Alors il dit à ses serviteurs : “Le repas de noce est prêt, mais les invités n’en étaient pas dignes. Allez donc aux croisées des chemins : tous ceux que vous trouverez, invitez-les à la noce.” Les serviteurs allèrent sur les chemins, rassemblèrent tous ceux qu’ils trouvèrent, les mauvais comme les bons, et la salle de noce fut remplie de convives. Le roi envoya ses serviteurs pour convier les invités aux noces, mais ils ne veulent pas venir. Jésus, le Fils de Dieu, apportait des bénédictions nouvelles qui sont refusées. Dieu envoya d’autres serviteurs, les apôtres, qui disaient : « Venez aux noces. » C’est par le sacrifice de Jésus à la croix que tout était prêt, que la grâce était offerte.
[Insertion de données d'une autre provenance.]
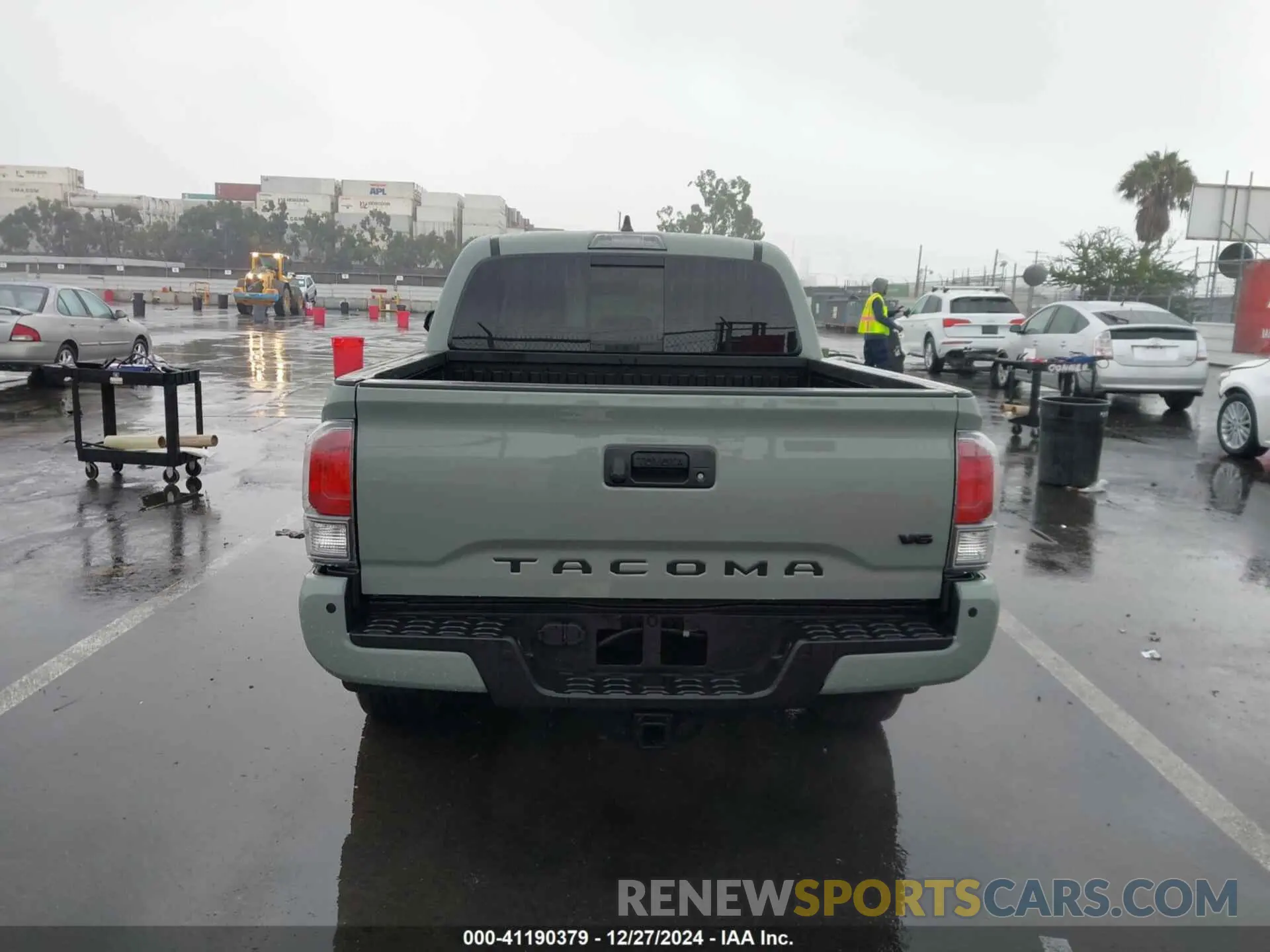 17 fotografías del automóvil dañado 3TMAZ5CN8NM174322 TOYOTA TACOMA 2022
Ce travail de la grâce s’est accompli par Bernard d’une nouvelle « manière. » Les gens affluent dans la nouvelle abbaye de la « claire vallée. » De nouvelles maisons doivent être fondées pour éviter l’engorgement de Clairvaux. Bernard et ses moines vivent dans les conditions les plus frustes. Pendant son abbatiat, Bernard contribue à la création de 68 abbayes filles de Clairvaux. À l’austérité de la pauvreté cistercienne et du travail manuel, Bernard insiste sur la mise en valeur de la pureté et le désintérêt de la culture. Bernard a une prédilection presque exclusive pour le Cantique de Salomon et pour saint Augustin. Reprenons l’Evangile.
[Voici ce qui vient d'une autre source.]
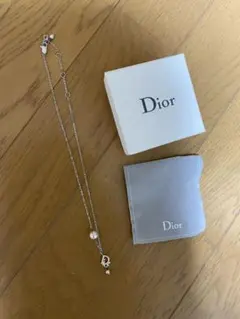 Dior パール付きロゴシルバーネックレス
Le roi entra pour examiner les convives, et là il vit un homme qui ne portait pas le vêtement de noce. Il lui dit : “Mon ami, comment es-tu entré ici, sans avoir le vêtement de noce ?” L’autre garda le silence. 
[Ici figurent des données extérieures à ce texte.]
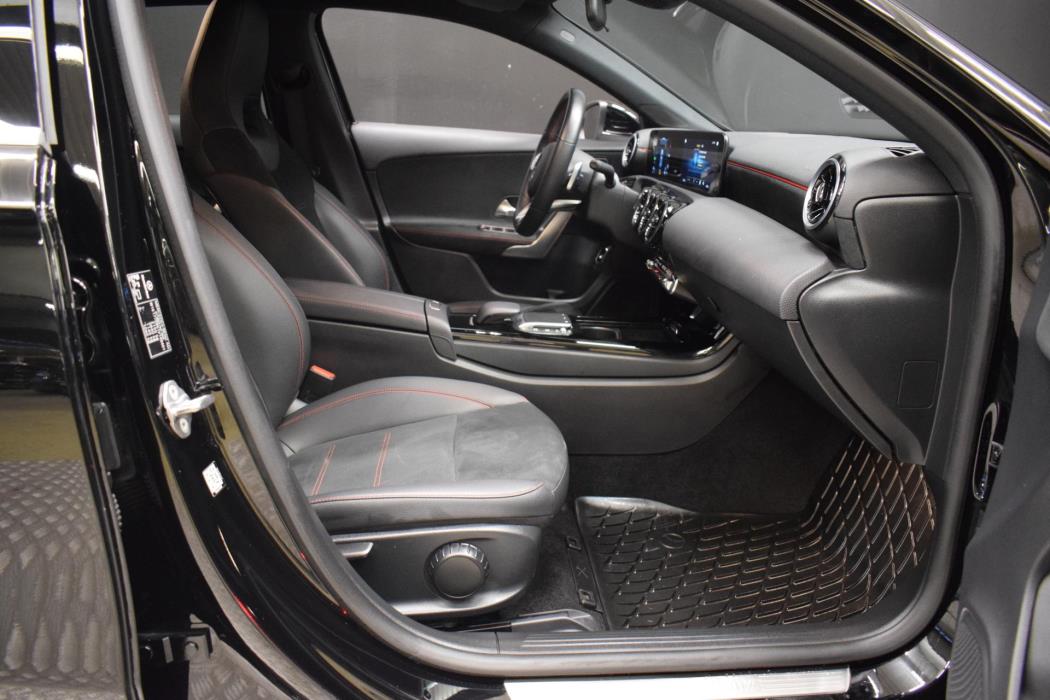 MERCEDES-BENZ A 2022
Alors le roi dit aux serviteurs : “Jetez-le, pieds et poings liés, dans les ténèbres du dehors ; là, il y aura des pleurs et des grincements de dents.” Car beaucoup sont appelés, mais peu sont élus. » Nous pouvons nous procurer un vêtement digne de Dieu, propre à manifester sa propre gloire, la gloire de Jésus, son Fils. Demeurer dans la présence de Dieu revêtu d’un vêtement digne de Dieu manifeste la gloire de son Fils. En Orient, celui qui invitait aux noces fournissait lui-même la robe dont il voulait voir ses convives revêtus. L’Évangile nous appelle à prendre part aux noces du Fils du Roi, il nous faut revêtir le Christ, qui est la robe des noces. C’est le mystère accomplit par Bernard qui est porté par un amour fervent pour Dieu et pour la Vierge Marie. Il était un homme entier, totalement dévoué à sa foi. Bernard sillonne les routes d’Europe occidentale pour défendre l’Église et porter témoignage de sa vision de Dieu. Deux ans avant sa mort, 500 abbayes cisterciennes ont vu le jour. Clairvaux compte 700 moines. Canonisé le 18 janvier 1174 par Alexandre III, Bernard de Clairvaux a été déclaré Docteur de l’Église par Pie VIII en 1830. On le fête le 20 août.

La prise de conscience que nous sommes un don de Dieu, cela m'ouvre à l’amour de tout ce qui est à Lui. Cet amour est, le seul chemin qui permet d’aimer notre prochain comme Christ nous le commande, en complément du premier commandement du Père.